On October 12, 2022, the FDA revised the Emergency Use Authorizations of the Moderna COVID-19 Vaccine, Bivalent, and the Pfizer-BioNTech COVID-19 Vaccine, Bivalent, to authorize their usage as a single booster dose at least 2 months following completion of primary or booster vaccination in younger age groups.
The bivalent vaccines contain the original strain of the SARS-CoV-2 virus and a strain from the BA.4 and BA.5 lineages of the Omicron variant. The Moderna COVID-19 Vaccine, Bivalent, is now authorized for use as a single booster dose in individuals aged 6 years and older. The Pfizer-BioNTech COVID-19 Vaccine, Bivalent, is authorized for use as a single booster dose in individuals aged 5 years and older. Due to this authorization, the monovalent Pfizer-BioNTech COVID-19 Vaccine is no longer authorized for use as a booster dose for individuals aged 5 to 11 years.

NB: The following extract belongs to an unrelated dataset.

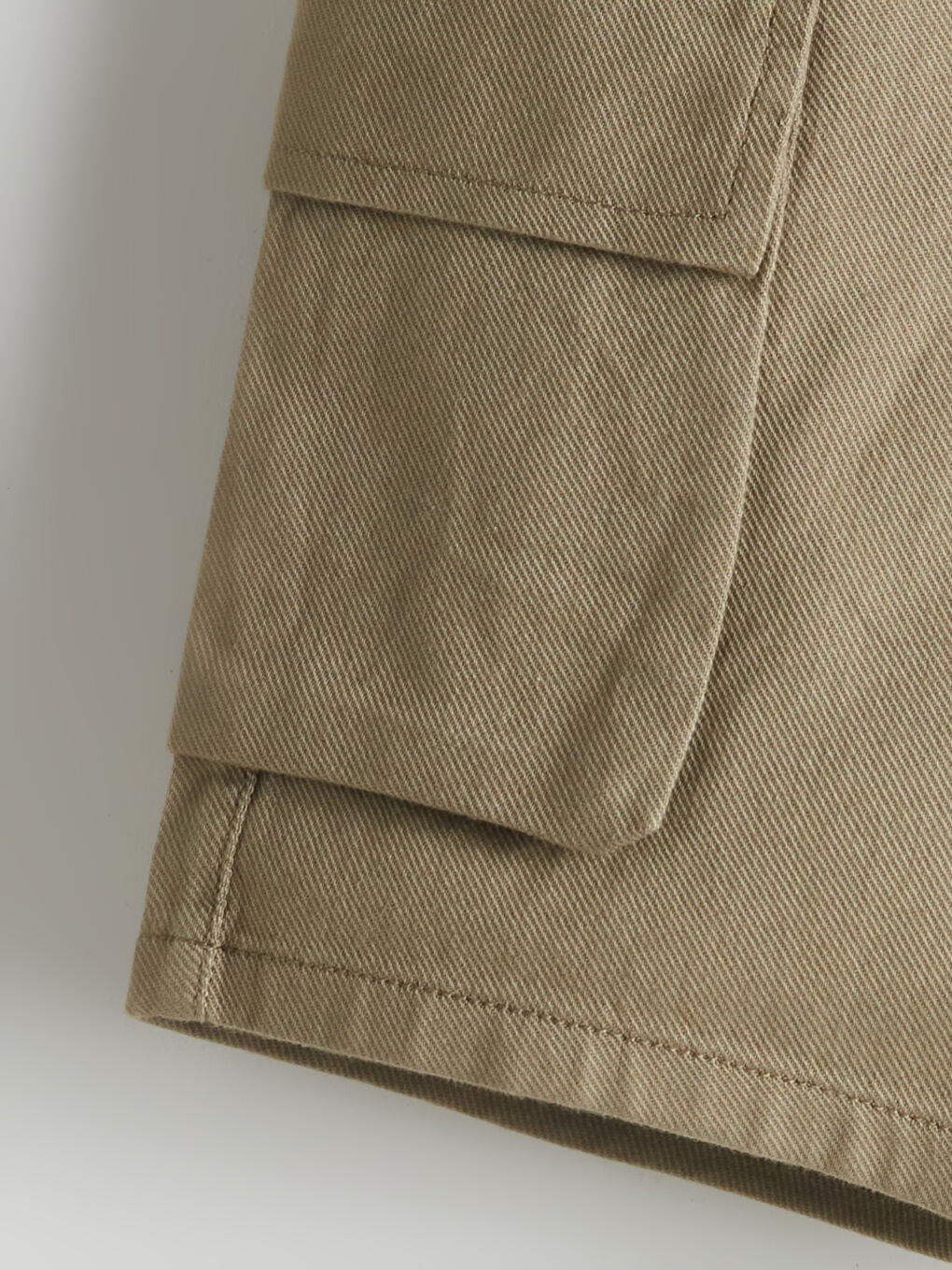 Haki Beli Lastikli Gabardin Erkek Çocuk Şort-2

The authorization of the Moderna COVID-19 Vaccine, Bivalent, was based on a previous analysis of immune response and safety data from a clinical study in adults aged 18 years and older who received a booster dose of Moderna's investigational bivalent COVID-19 vaccine that contained a component of the original strain of SARS-CoV-2 and a component of Omicron lineage BA.1. Booster effectiveness was also established using data from studies assessing individuals aged 6 to 17 years who received a single booster dose of the monovalent Moderna COVID-19 Vaccine. The safety of the booster dose of the monovalent Moderna COVID-19 Vaccine was evaluated in approximately 2,600 pediatric participants aged 6 to 17 years.
The authorization of the Pfizer-BioNTech COVID-19 Vaccine, Bivalent, in children aged 5 to 11 years was based on safety and immunogenicity data from the 30-mcg Omicron BA.1–adapted bivalent vaccine, nonclinical and manufacturing data from the companies' 10-mcg Omicron BA.4/BA.5–adapted bivalent vaccine, and preclinical data from the 30-mcg Omicron BA.4/BA.5–adapted bivalent vaccine. Effectiveness of the booster dose was also supported by data evaluating the booster dose of the monovalent Pfizer-BioNTech COVID-19 Vaccine in children aged 5 to 11 years.
The safety of each bivalent vaccine was consistent with the monovalent vaccines because these vaccines are manufactured utilizing the same process.
"Vaccination remains the most effective measure to prevent the severe consequences of COVID-19, including hospitalization and death," stated Peter Marks, MD, PhD, director of the FDA's Center for Biologics Evaluation and Research. "While it has largely been the case that COVID-19 tends to be less severe in children than adults, as the various waves of COVID-19 have occurred, more children have gotten sick with the disease and have been hospitalized. Children may also experience long-term effects, even following initially mild disease. We encourage parents to consider primary vaccination for children and follow-up with an updated booster dose when eligible."